Brief —
Without copying any picture, transcribe exactly the lines of the data below from the one containing "2010 Honda Fit" through the one containing "Construction cranes on".

Data under study —
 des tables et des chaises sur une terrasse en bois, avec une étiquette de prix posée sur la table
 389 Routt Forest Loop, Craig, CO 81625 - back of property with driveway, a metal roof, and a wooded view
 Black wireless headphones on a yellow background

---

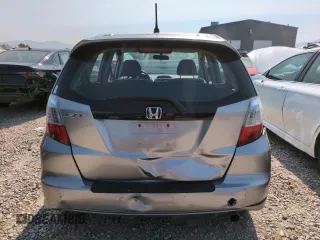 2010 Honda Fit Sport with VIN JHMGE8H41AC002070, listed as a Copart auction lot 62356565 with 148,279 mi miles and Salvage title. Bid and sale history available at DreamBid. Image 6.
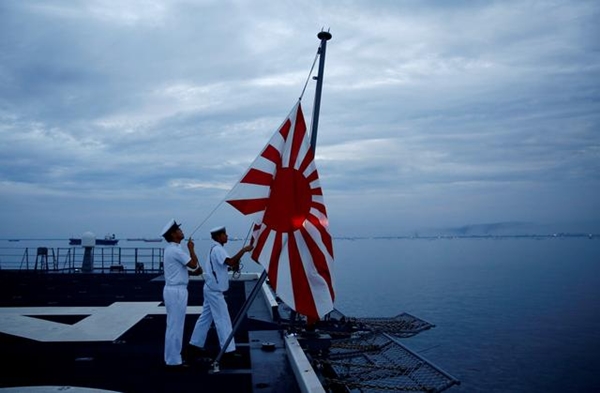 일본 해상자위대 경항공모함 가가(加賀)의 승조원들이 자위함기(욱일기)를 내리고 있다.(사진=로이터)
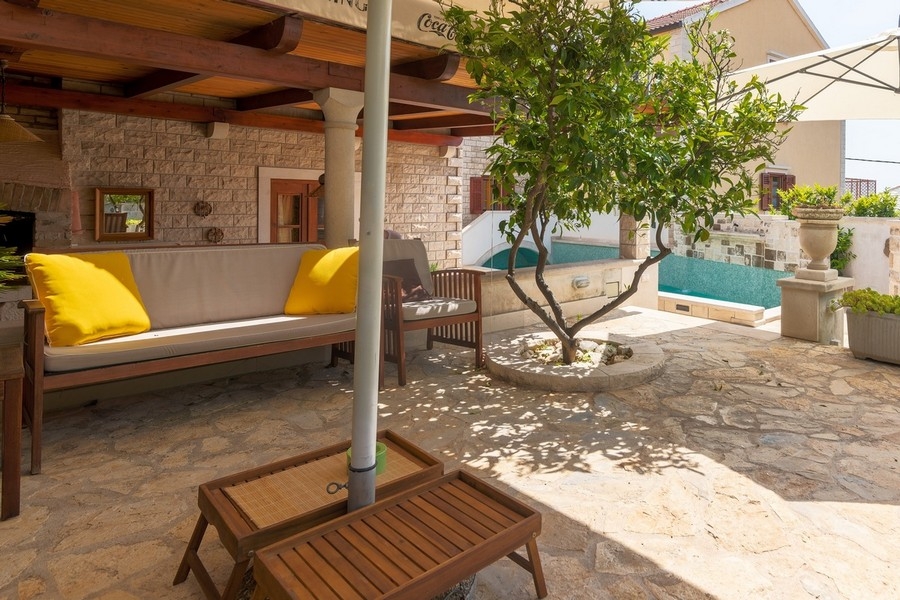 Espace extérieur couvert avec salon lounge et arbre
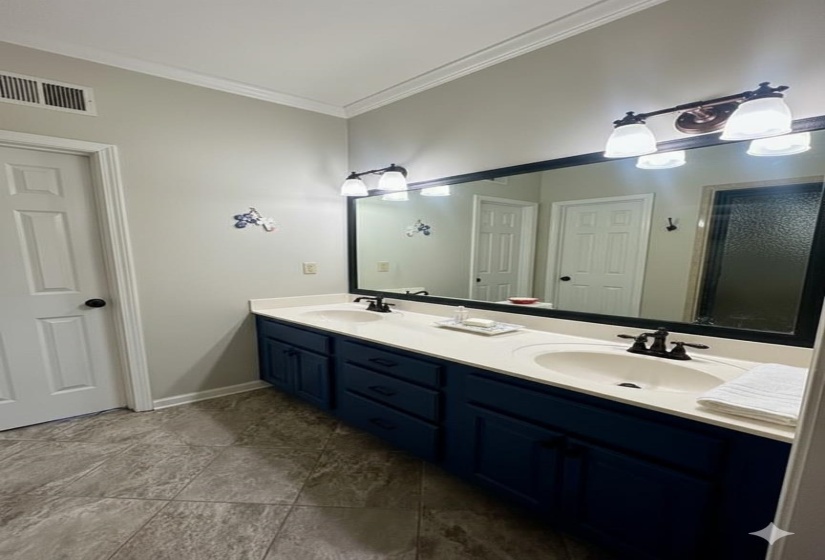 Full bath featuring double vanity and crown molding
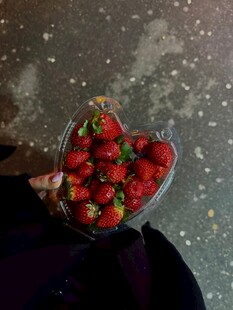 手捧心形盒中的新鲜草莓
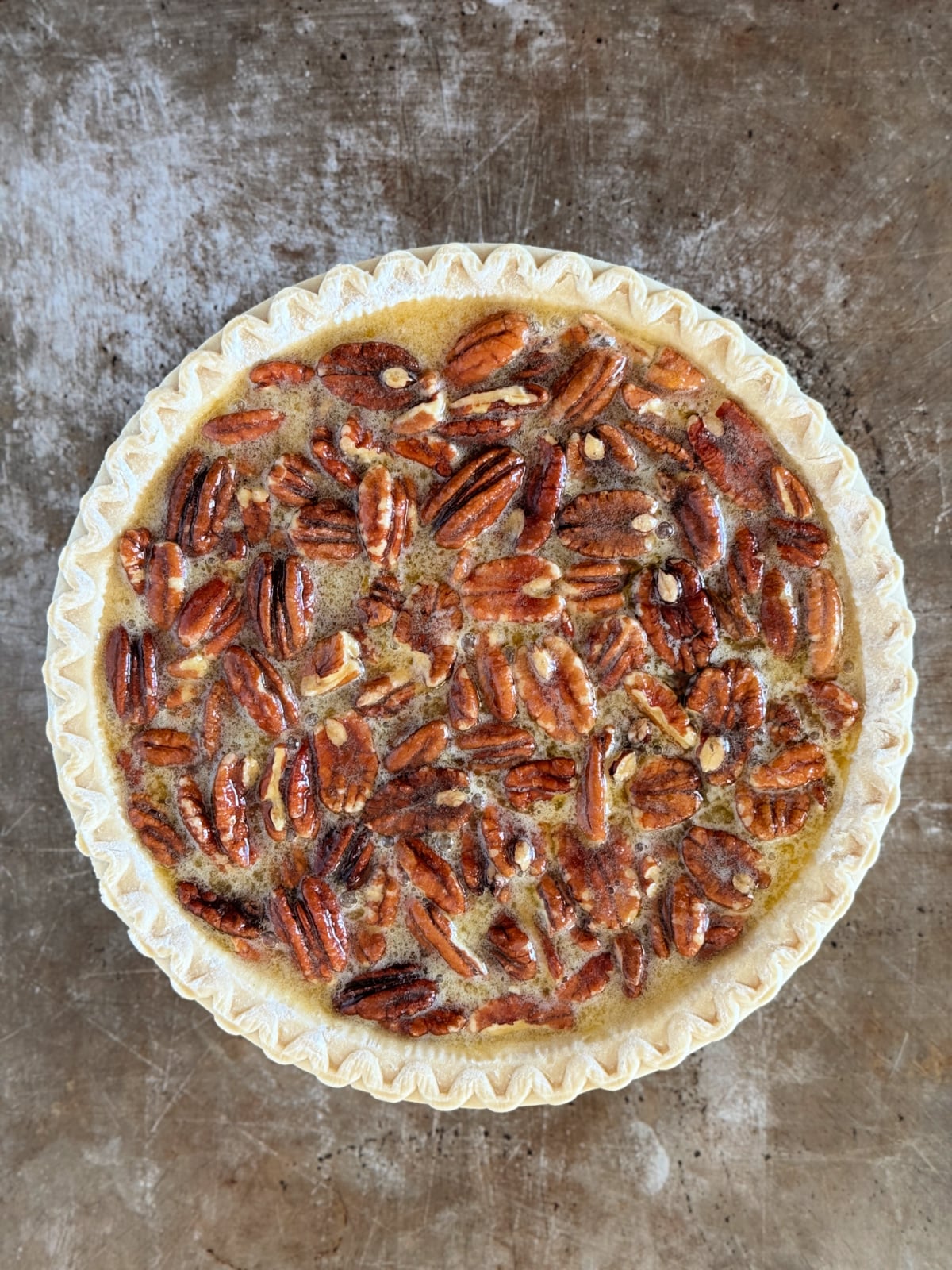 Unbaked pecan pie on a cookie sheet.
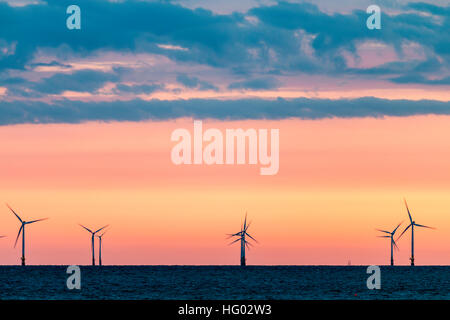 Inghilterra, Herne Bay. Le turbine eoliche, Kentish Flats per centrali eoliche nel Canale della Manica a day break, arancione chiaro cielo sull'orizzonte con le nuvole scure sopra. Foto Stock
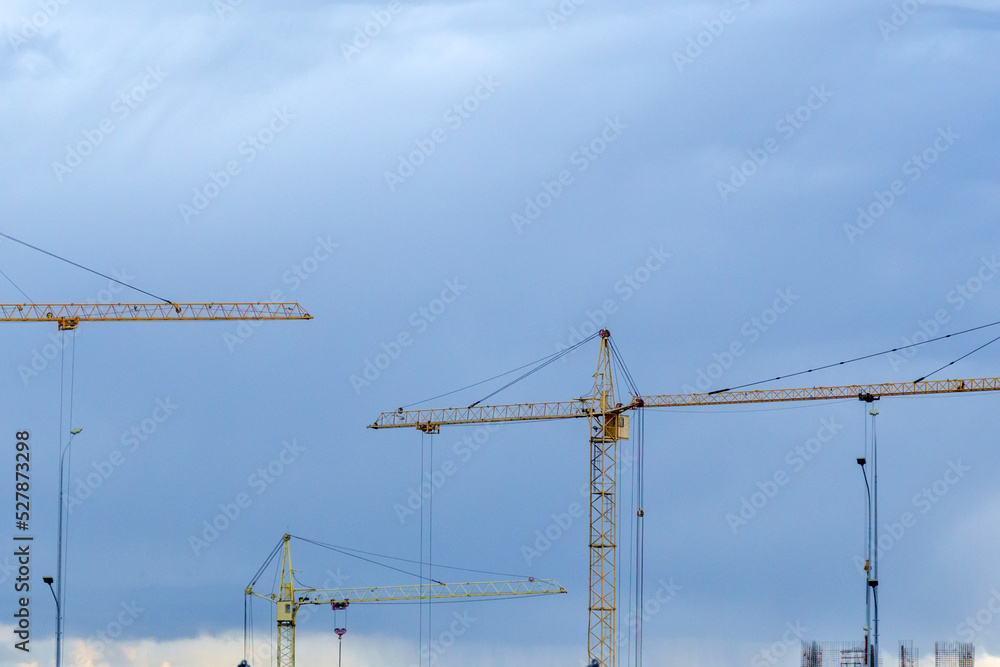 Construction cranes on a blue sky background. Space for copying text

Task answer —
 2010 Honda Fit Sport with VIN JHMGE8H41AC002070, listed as a Copart auction lot 62356565 with 148,279 mi miles and Salvage title. Bid and sale history available at DreamBid. Image 6.
 일본 해상자위대 경항공모함 가가(加賀)의 승조원들이 자위함기(욱일기)를 내리고 있다.(사진=로이터)
 Espace extérieur couvert avec salon lounge et arbre
 Full bath featuring double vanity and crown molding
 手捧心形盒中的新鲜草莓
 Unbaked pecan pie on a cookie sheet.
 Inghilterra, Herne Bay. Le turbine eoliche, Kentish Flats per centrali eoliche nel Canale della Manica a day break, arancione chiaro cielo sull'orizzonte con le nuvole scure sopra. Foto Stock
 Construction cranes on a blue sky background. Space for copying text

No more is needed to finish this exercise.